I put the gearstick into reverse and slowly gather pace until the car is whining on full lock. ‘Clonk’, the back wheel clips the cliff face. I adjust my line. A few more clonks and bangs later and I am spinning the car round in a driveway of goats and tearing off, wheels spinning at breakneck speed.

Si is fighting for breath.  I grab my handbag at his feet, still driving with fury, and take out one of the four bottles of water I cannily brought with us.  “Drink,” I order.

A car is coming the other way on this single track but I am not slowing down. I try to flash my lights but put the windscreen wipers on. I drive on.

Si: “F**king hell!!”

The car pulls over and I zoom past, tooting. Si is now covered in water.

“There’s a hospital in Amalfi – I saw the sign on the way.”  I drive full speed, the 2CV rattling and, after getting lost in a one-way system, I hum the Marseilles – which is as good as any tune to head down a ‘no entry’ road – humming louder as I narrowly miss a moped and two pedestrians. I swing into the newly tarmacked hospital car park, abandon the car by the entrance and drag Si out, channelling the strength of a rugby player. Perhaps a French one?

“Aiuto,” I shout (thanking my lucky stars I lost my virginity to an Italian). But I don’t know the bloody Italian word for wasp.  “Bzzzzzzzz.” I say. They look at me poleaxed. “Bzzzzzz. Ow. Ow.” I say miming a sting on Si’s arm but pinching him. “Ow!” he adds.

And then I shout the universal magic word of, “Anaphylaxis!”

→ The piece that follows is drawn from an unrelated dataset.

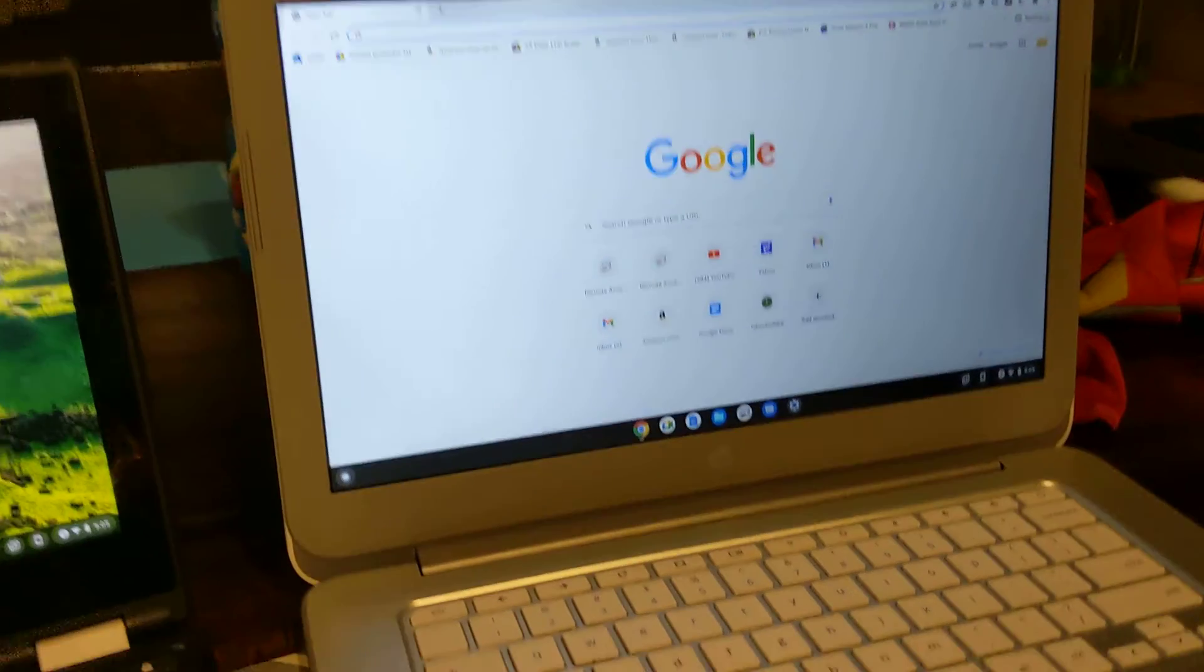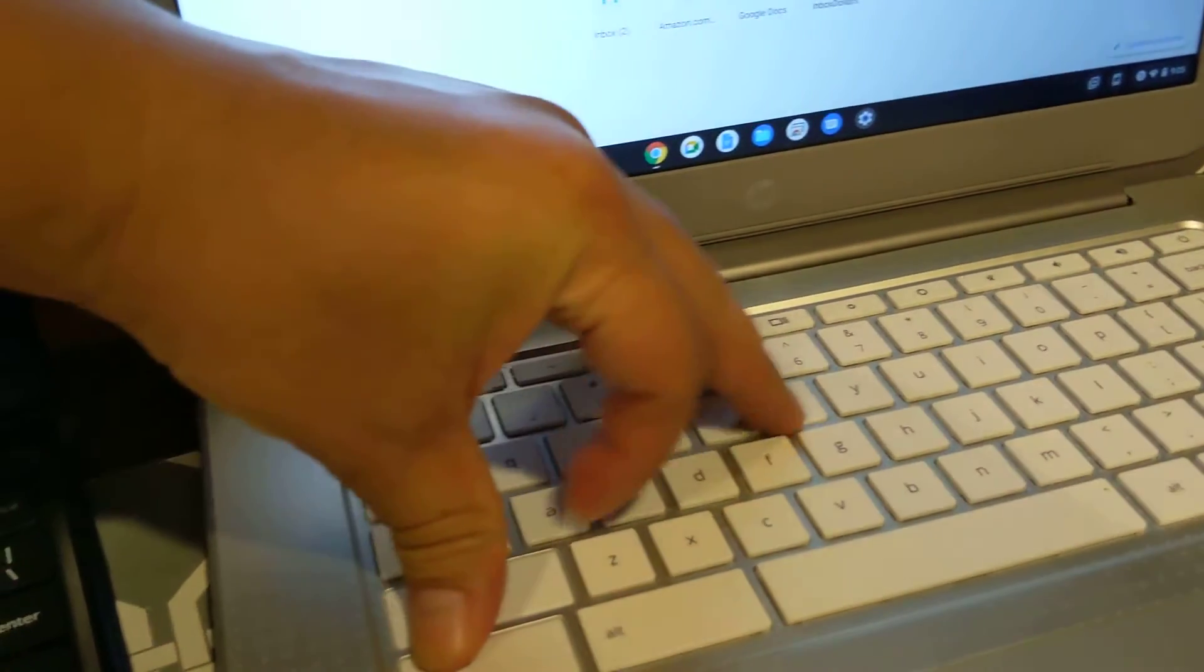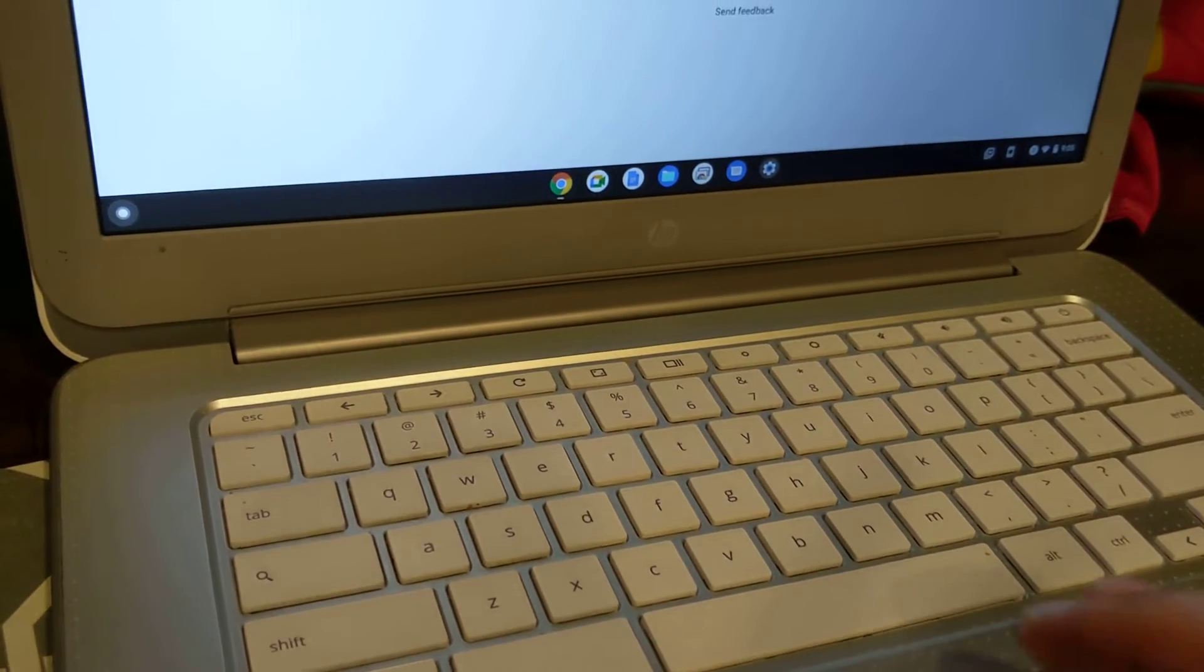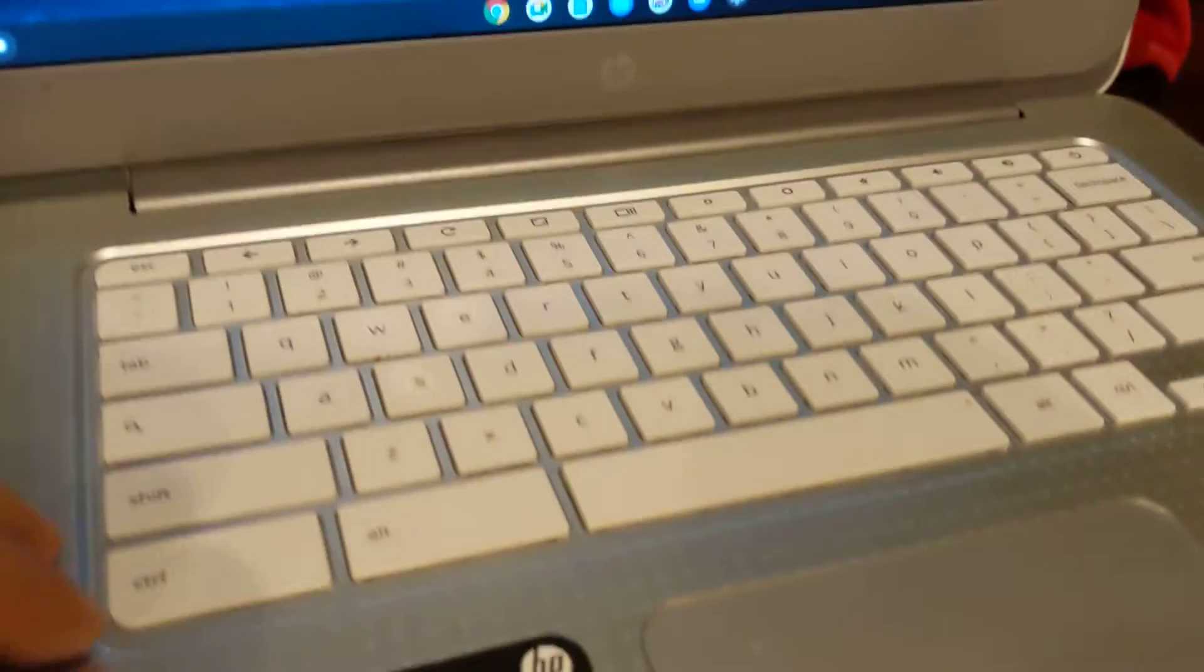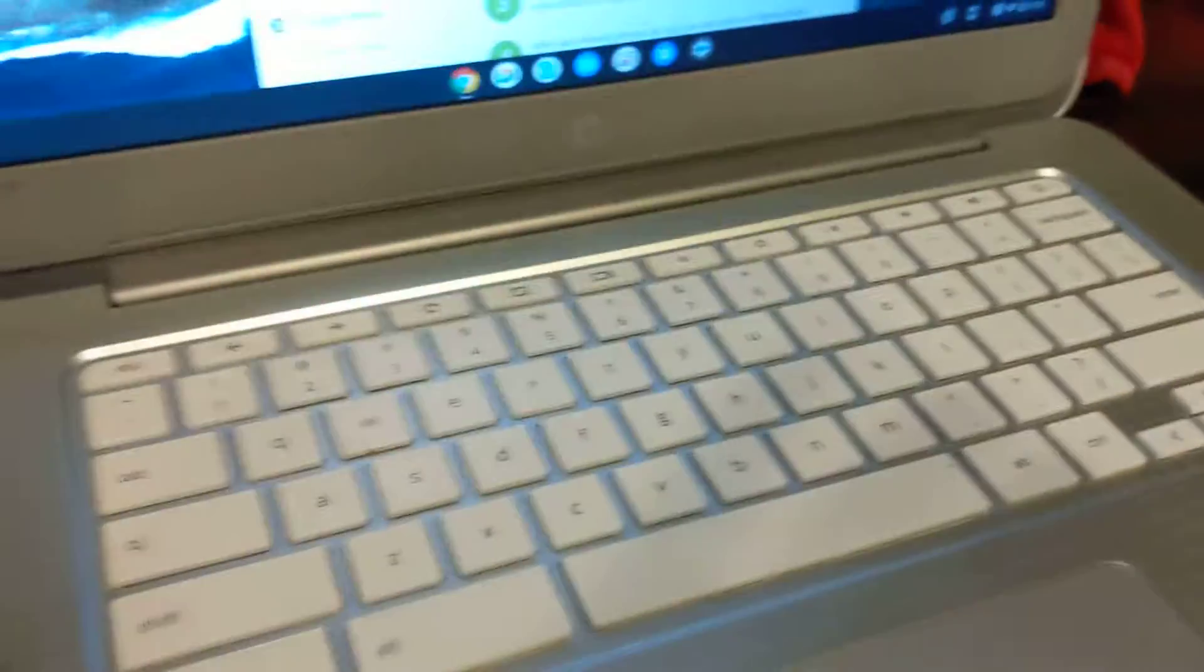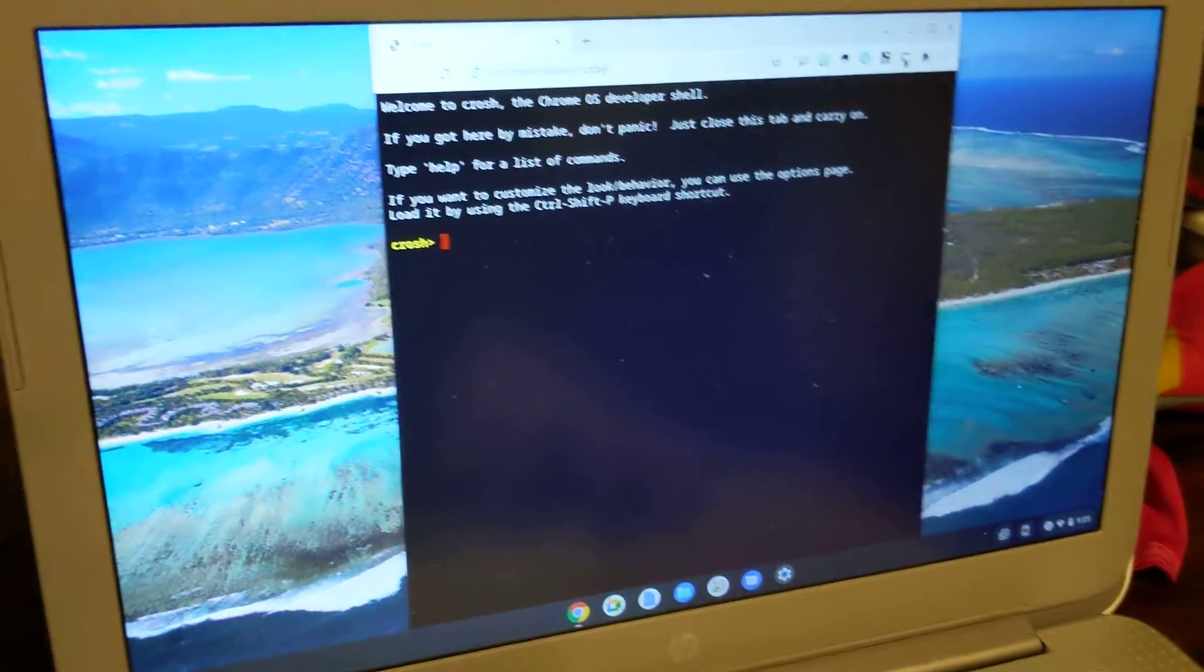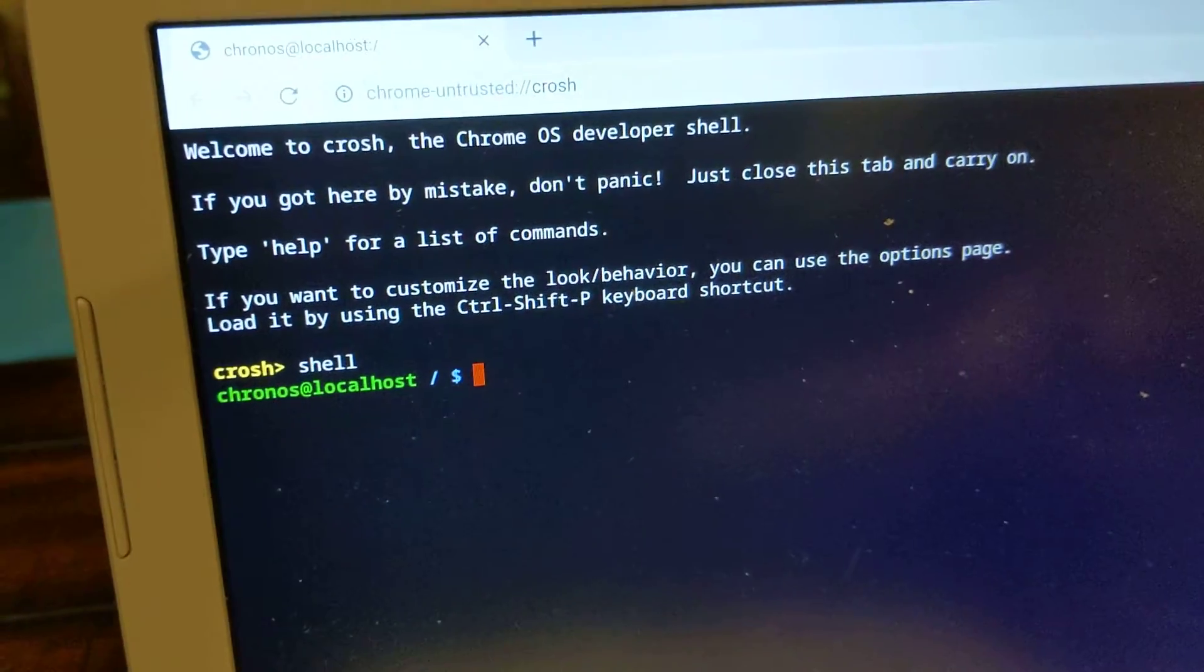Now that it's booted in I can go to crosh by pressing Ctrl+Shift+T or Ctrl+Alt+T, it's one of the two. I think it's Ctrl+Alt+T that opens a session of crosh, and then when I type in shell it'll work because I'm in developer mode.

And four nursing staff jump into action, shove Si on a bed and wheel him off, by the time I’ve parked the car he’s been pumped full of adrenaline, steroids and antihistamine and is breathing normally, with the help of an oxygen mask.  I hold his hand, watching his legs jerking like a post-Ibiza come down.

***

A few hours later, I am able to take him away and he feels strong enough to check the 2CV for dents and dinks. There is no damage and he seems disappointed. I want him to tell me I am a legend, that I saved his life but we drive silently back to the hotel. I enter the underground garage (where I am to leave Herbie) and back the car slowly into a space and eeeoiiitttcccchhh!  I catch the back panel on a concrete column.  I look at Si in horror and let loose on the Italian swear words: “Vafanculo testa di katza, bastardo dentro. VAFANCULO!!!”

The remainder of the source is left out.